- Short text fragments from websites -
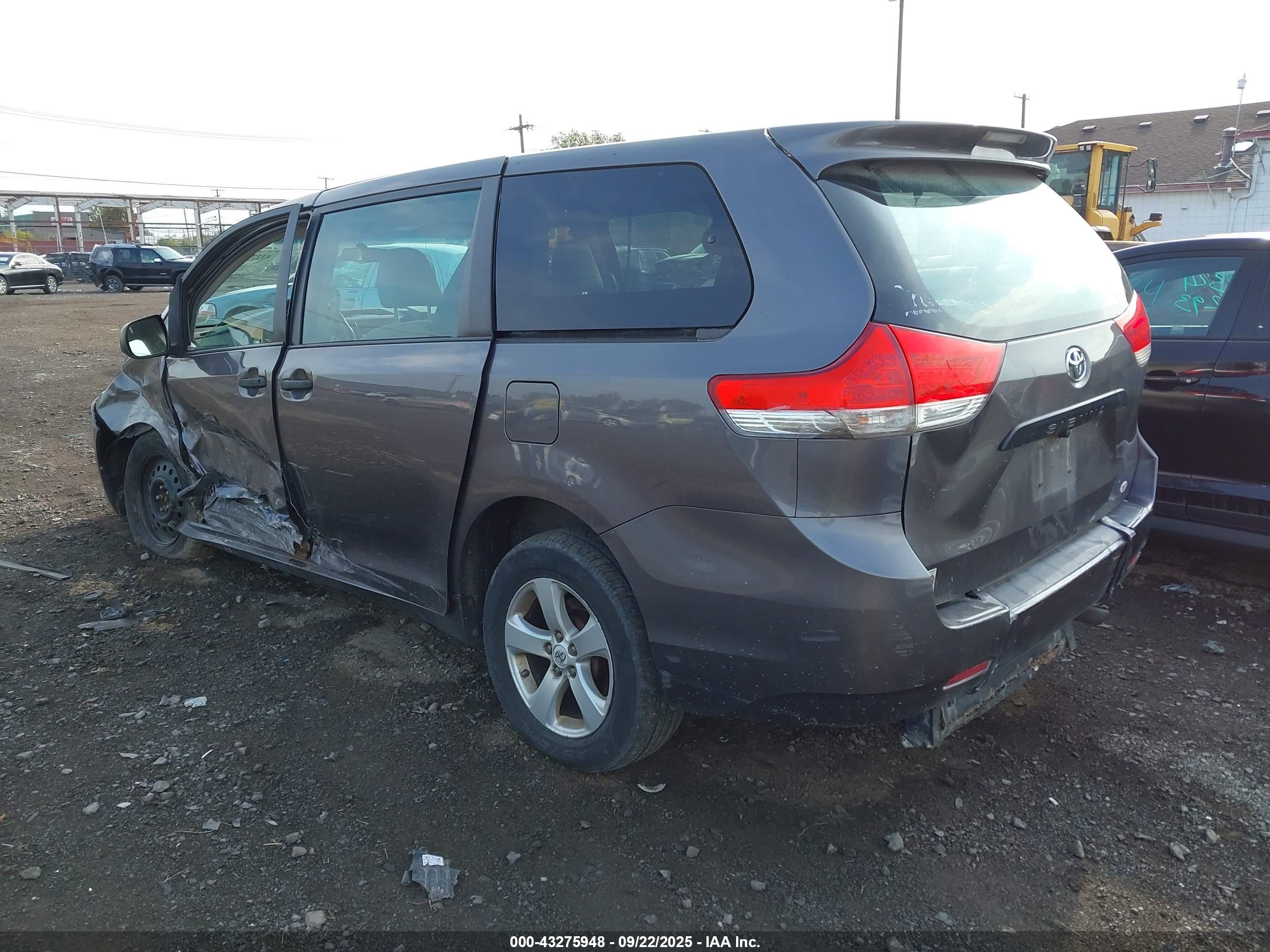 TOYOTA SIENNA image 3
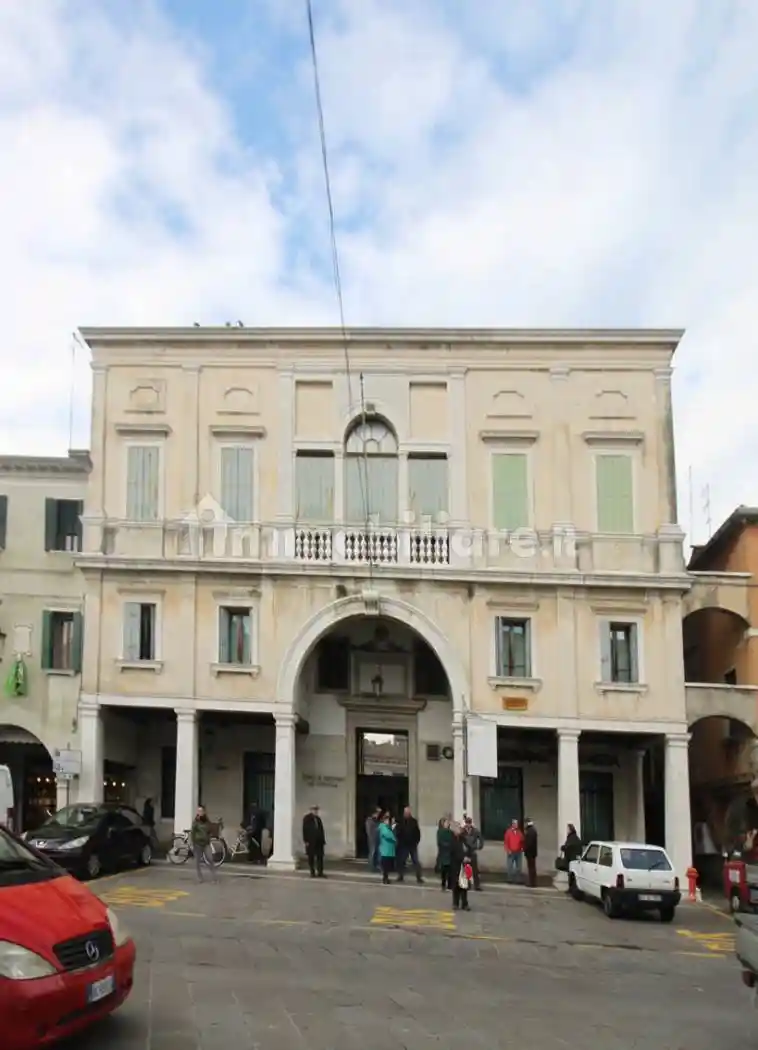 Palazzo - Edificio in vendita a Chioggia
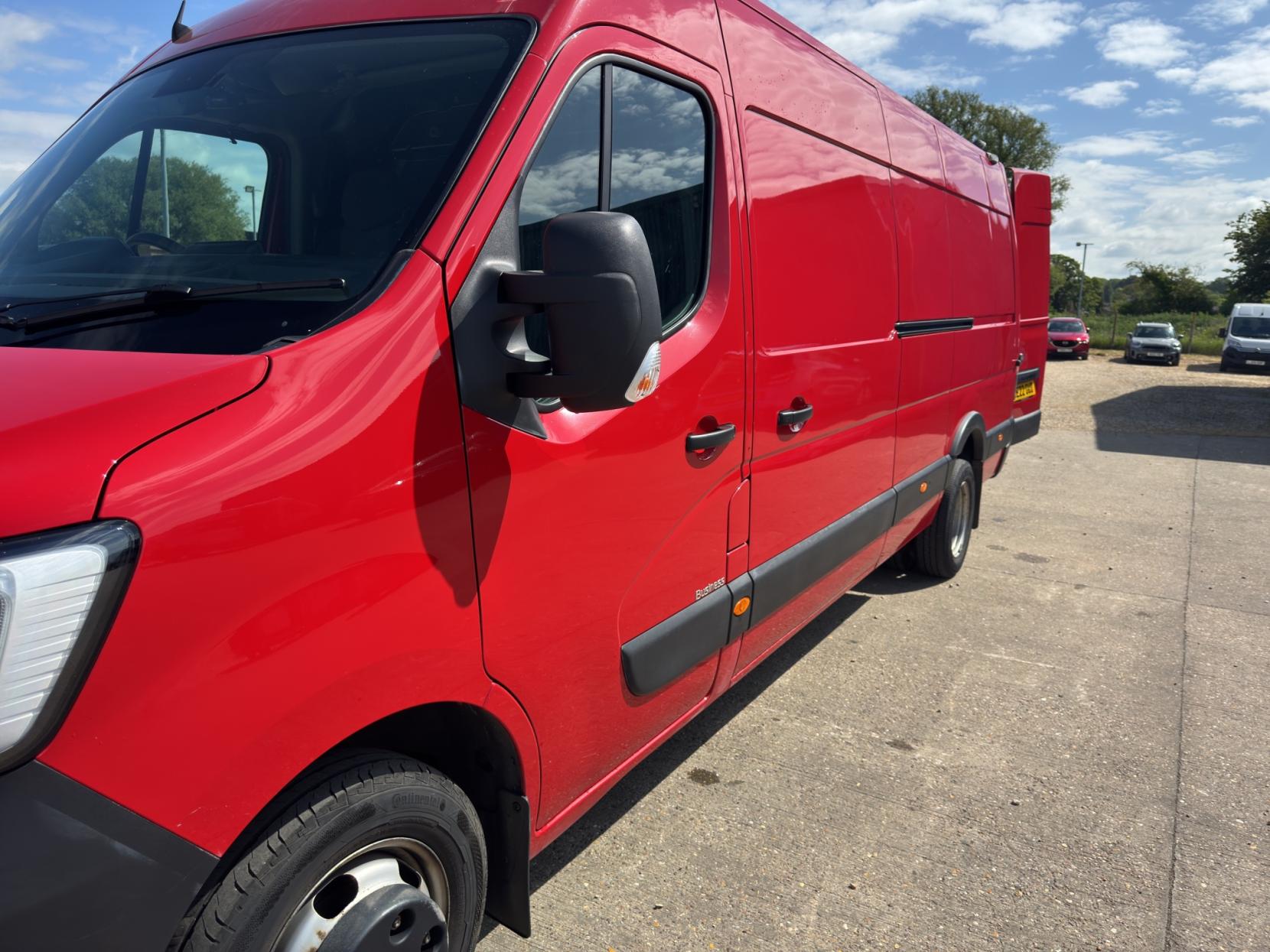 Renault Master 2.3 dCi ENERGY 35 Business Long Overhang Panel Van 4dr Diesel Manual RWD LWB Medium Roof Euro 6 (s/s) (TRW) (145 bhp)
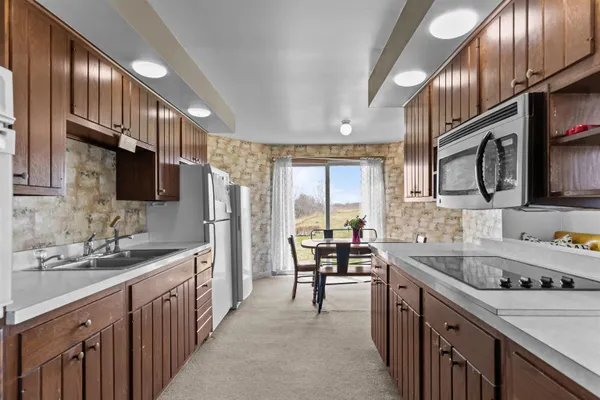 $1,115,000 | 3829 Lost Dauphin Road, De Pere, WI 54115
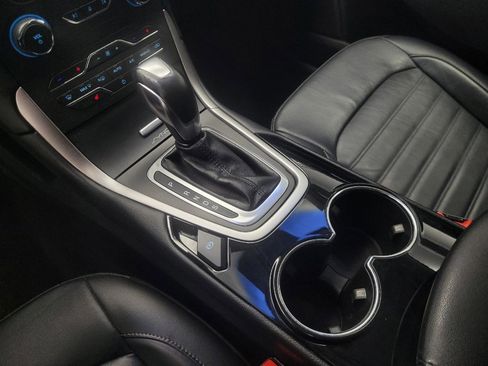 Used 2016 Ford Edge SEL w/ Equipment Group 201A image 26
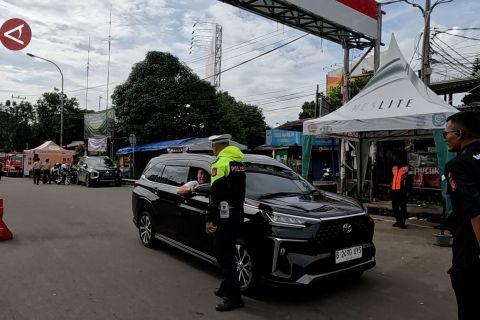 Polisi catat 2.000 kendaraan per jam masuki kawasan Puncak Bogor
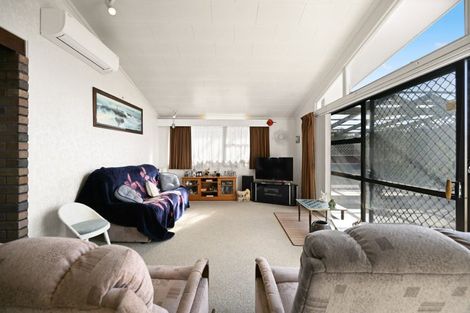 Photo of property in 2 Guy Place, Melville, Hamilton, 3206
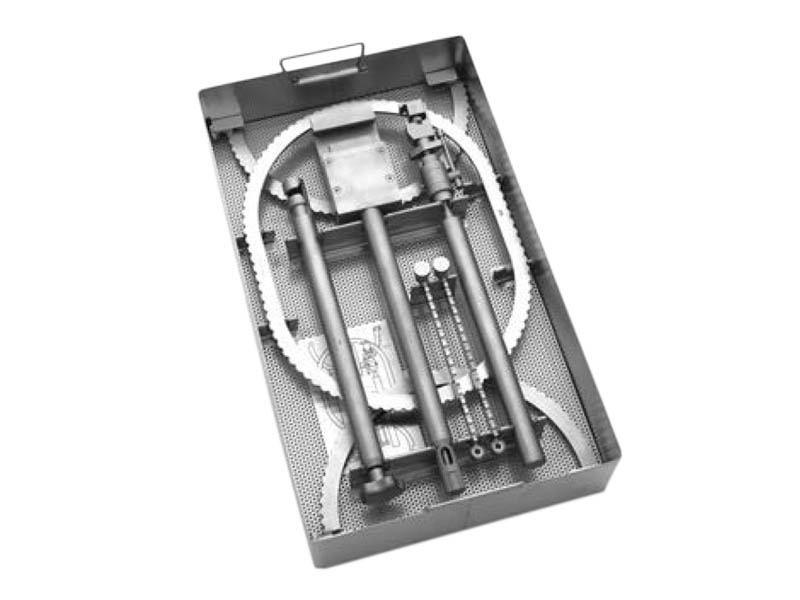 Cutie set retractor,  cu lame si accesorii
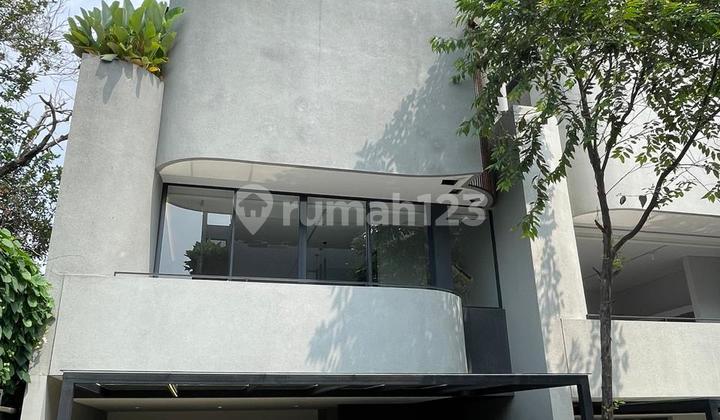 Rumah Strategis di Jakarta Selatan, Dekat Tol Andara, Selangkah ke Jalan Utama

- Directions for this task -
Reproduce exactly, and only, the lines from the one containing "Palazzo - Edificio in vendita a Chioggia" through the last line of the records above, both included, leaving out any pictures.

- Worked solution -
 Palazzo - Edificio in vendita a Chioggia
 Renault Master 2.3 dCi ENERGY 35 Business Long Overhang Panel Van 4dr Diesel Manual RWD LWB Medium Roof Euro 6 (s/s) (TRW) (145 bhp)
 $1,115,000 | 3829 Lost Dauphin Road, De Pere, WI 54115
 Used 2016 Ford Edge SEL w/ Equipment Group 201A image 26
 Polisi catat 2.000 kendaraan per jam masuki kawasan Puncak Bogor
 Photo of property in 2 Guy Place, Melville, Hamilton, 3206
 Cutie set retractor,  cu lame si accesorii
 Rumah Strategis di Jakarta Selatan, Dekat Tol Andara, Selangkah ke Jalan Utama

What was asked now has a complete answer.